Les individus dyslexiques sont souvent incapables de reconnaitre des mots ou des sons qui riment et peuvent avoir présenté un retard de langage. Des difficultés supplémentaires peuvent se manifester plus tard à l’école et peuvent inclure un déficit de compréhension du langage écrit ou parlé, et un déficit dans l’organisation, le stockage et le rappel de l’information langagière. Souvent, chez les individus qui souffrent de dyslexie, la conscience phonémique n’est pas maitrisée et en conséquence, les fondations pour devenir un lecteur compétent ne sont pas mises en place.

Selon l’association canadienne de la dyslexie, la dyslexie affecte 20% de la population, c’est 1 individu sur 5. Il s’agit d’une pathologie génétique de nature neurologique et qui n’a rien à voir avec le niveau d’intelligence de l’individu. En fait, les personnes dyslexiques sont brillantes, ayant un QI dans la moyenne ou au-dessus, elles sont généralement très créatives et intuitives, et apprennent mieux en expérimentant. Le physicien Albert Einstein, l’inventeur Thomas Edison et l’auteur danois Hans Christian Anderson étaient tous dyslexiques.

Reconnaitre la dyslexie chez les enfants

La recherche a démontré que les symptômes peuvent souvent être reconnus chez les enfants dès l’âge de 5 ans.

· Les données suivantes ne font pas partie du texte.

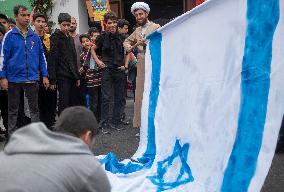 Iranians Burn U.S. And Israeli Flags In Tehran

Selon l’Association internationale de la dyslexie, les caractéristiques courantes que la dyslexie peut comprendre sont les suivantes:

  • Lacune au niveau de la conscience des sons des mots, comme l’ordre des sons, les rimes ou de l’enchainement des syllabes
  • Difficulté à décoder les mots ou à les identifier
  • Décodage difficile des chiffres ou des lettres lorsque lus ou écrits
  • Problèmes de compréhension de lecture
  • Difficulté à exprimer ses pensées à l’oral ou à l’écrit
  • Retard dans les étapes de développement (la parole ou les habiletés motrices globales)
  • Interprétation imprécise ou incomplète du langage parlé
  • Confusion dans l’orientation spatiale ou temporelle
  • Écriture irrégulière ou illisible
  • Difficulté en mathématiques, souvent reliée à l’ordre des étapes, à l’orientation spatiale ou au langage mathématique

La recherche nous indique aussi que souvent les personnes dyslexiques ne sont pas repérées avant la 3ème année. Selon le Dr Sally Shaywitz, auteure du livre Surmonter la dyslexie, “ il n’est pas inhabituel pour les dyslexiques de ne pas être identifiés comme tel jusqu’à l’adolescence ou l’âge adulte.’’ À ce moment,  les lacunes se sont accumulées et la rééducation peut prendre du temps.

Les études concluent que le moment propice pour aborder les difficultés en lecture sont à la maternelle et en première année. Même s’il s’avère toujours possible d’aider un enfant plus âgé en lecture, après la troisième année, cela nécessitera une aide plus intensive. Plus on attend avant d’intervenir, plus ce sera difficile pour l’enfant de rattraper son retard. Une intervention précoce est donc la clé de la réussite.

Consultez la section Dépistage et évaluation disponible sur le site de la Clinique.

Les bonnes nouvelles!

Les avancées médicales, telle que l'imagerie par résonance magnétique (IRM), ont permis aux scientifiques de déterminer quelles sont les personnes dyslexiques qui ont un problème dans le réseau neuronal du cerveau, lequel affecte leur aptitude en lecture. Ce qui est extraordinaire, c’est que les chercheurs en plasticité du cerveau ont observé et conclu qu’avec une intervention appropriée en lecture, le cerveau humain peut commencer à se reprogrammer par lui-même en développant des voies neuronales alternatives après une année seulement, avec la mise en place d’un programme efficace qui inclut des pratiques d’enseignement multisensoriel. Les personnes dyslexiques peuvent apprendre et apprennent à lire!

Selon l’éminente chercheur, le docteur Sally Shaywitz, dans son livre Surmonter la dyslexie, les ingrédients clés d’un programme précoce d’intervention sont des apprentissages systématiques et directs de :

  • la conscience phonémique
  • la phonologie
  • la prononciation
  • l’épellation
  • la reconnaissance globale de mots
  • le vocabulaire et les concepts
  • les stratégies de compréhension en lecture

La méthodologie offerte à la Clinique d’apprentissage de la lecture Hudson est basée sur chacune de ces composantes de l’apprentissage.